Wettlauf um den Schutz des kulturellen Erbes im grössten Kunstmuseum der Ukraine
Wettlauf um den Schutz des kulturellen Erbes im grössten Kunstmuseum der Ukraine
Lemberg, Ukraine, 6. März 2022 (AP) - Der Direktor des grössten ukrainischen Kunstmuseums ging durch die Gänge und überwachte, wie die Mitarbeiter ihre Sammlungen einpackten, um ihr nationales Erbe zu schützen, falls die russische Invasion nach Westen vordringt.

In einer teilweise leeren Galerie des Andrey Sheptytsky Nationalmuseums legten die Mitarbeiter sorgfältig verpackte Barockstücke in Pappkartons. Ein paar Meter weiter ging eine Gruppe die majestätische Haupttreppe hinunter und trug ein riesiges Stück sakraler Kunst, die Bohorodchany-Ikonostase aus dem 18.Jahrhundert.
«Manchmal kommen mir die Tränen, weil hier viel Arbeit hineingesteckt wurde. Das kostet Zeit und Energie. Wenn man etwas Gutes tut, freut man sich. Heute sieht man leere Wände, und das ist bitter und traurig. Wir haben bis zur letzten Minute nicht daran geglaubt, dass dies passieren könnte", sagte der Generaldirektor des Museums, Ihor Kozhan.


Die Türen des Museums in der westlichen Stadt Lemberg sind seit Beginn des russischen Krieges gegen die Ukraine am 24. Februar 2022 geschlossen, und im ganzen Land sind historische Stätten durch die anhaltenden Kämpfe in Gefahr. Korzhan sagte, dass er täglich Anrufe von anderen europäischen Kultureinrichtungen erhält, die ihre Hilfe anbieten, während er und seine Mitarbeiter um den Erhalt der Werke des Museums kämpfen.
Anna Naurobska, die Leiterin der Abteilung für seltene Manuskripte und Bücher, sagte, sie wisse immer noch nicht, wo sie die Sammlung von mehr als 12’000 Objekten, die in Kisten verpackt werden, sicher unterbringen könne.
Der Umzug und die Befürchtung, dass die Sammlung im Falle eines Angriffs auf die Stadt in Gefahr ist, überfordern sie.
«Das ist unsere Geschichte, das ist unser Leben. Sie ist sehr wichtig für uns.», sagte Naurobska.

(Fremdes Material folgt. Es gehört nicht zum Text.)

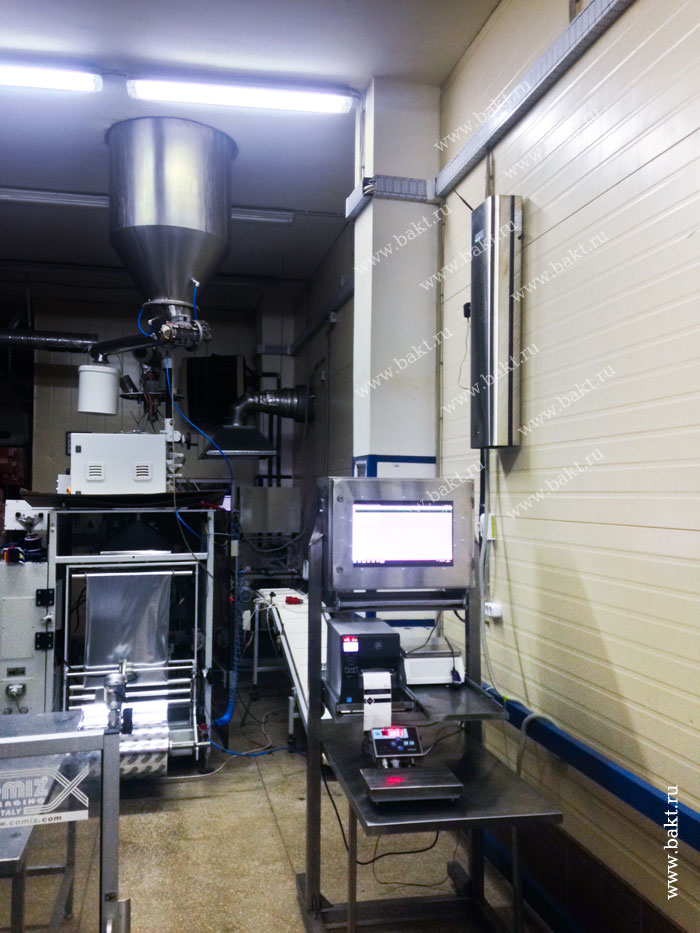 Фото установленного рециркулятора Аэролит-200 для обеззараживания  воздуха в производственном цехе компании «Крист»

Sie ging in einen anderen Raum und hielt einen dicken Wälzer in die Höhe, wobei sich Tränen in ihren Augen bildeten. «Es ist ein russisches Buch», sagte sie und stellte es zurück ins Regal. «Ich bin so wütend.»
Wie das Museum bemühen sich auch andere Einrichtungen in Lemberg, künstlerisch oder kulturell wertvolle Werke zu schützen. Die Vitrinen im Museum für Religionsgeschichte sind fast leer. Arbeiter montieren im Innenhof Metallcontainer, um die verbleibenden Gegenstände sicher zu lagern, bevor sie in den Keller gebracht werden. In der Lateinischen Kathedrale wurden die Skulpturen mit Pappe, Schaumstoff und Plastik bedeckt, um sie vor möglichen Granatsplittern zu schützen.

Inmitten der kahlen Wände und verhüllten Statuen klagte Kozhan über das leere Museum, das zwei Weltkriege überlebt hat.
«Das Museum muss leben. Die Menschen müssen dort sein, vor allem die Kinder. Sie müssen die Grundlagen ihrer Kultur lernen.», sagte er.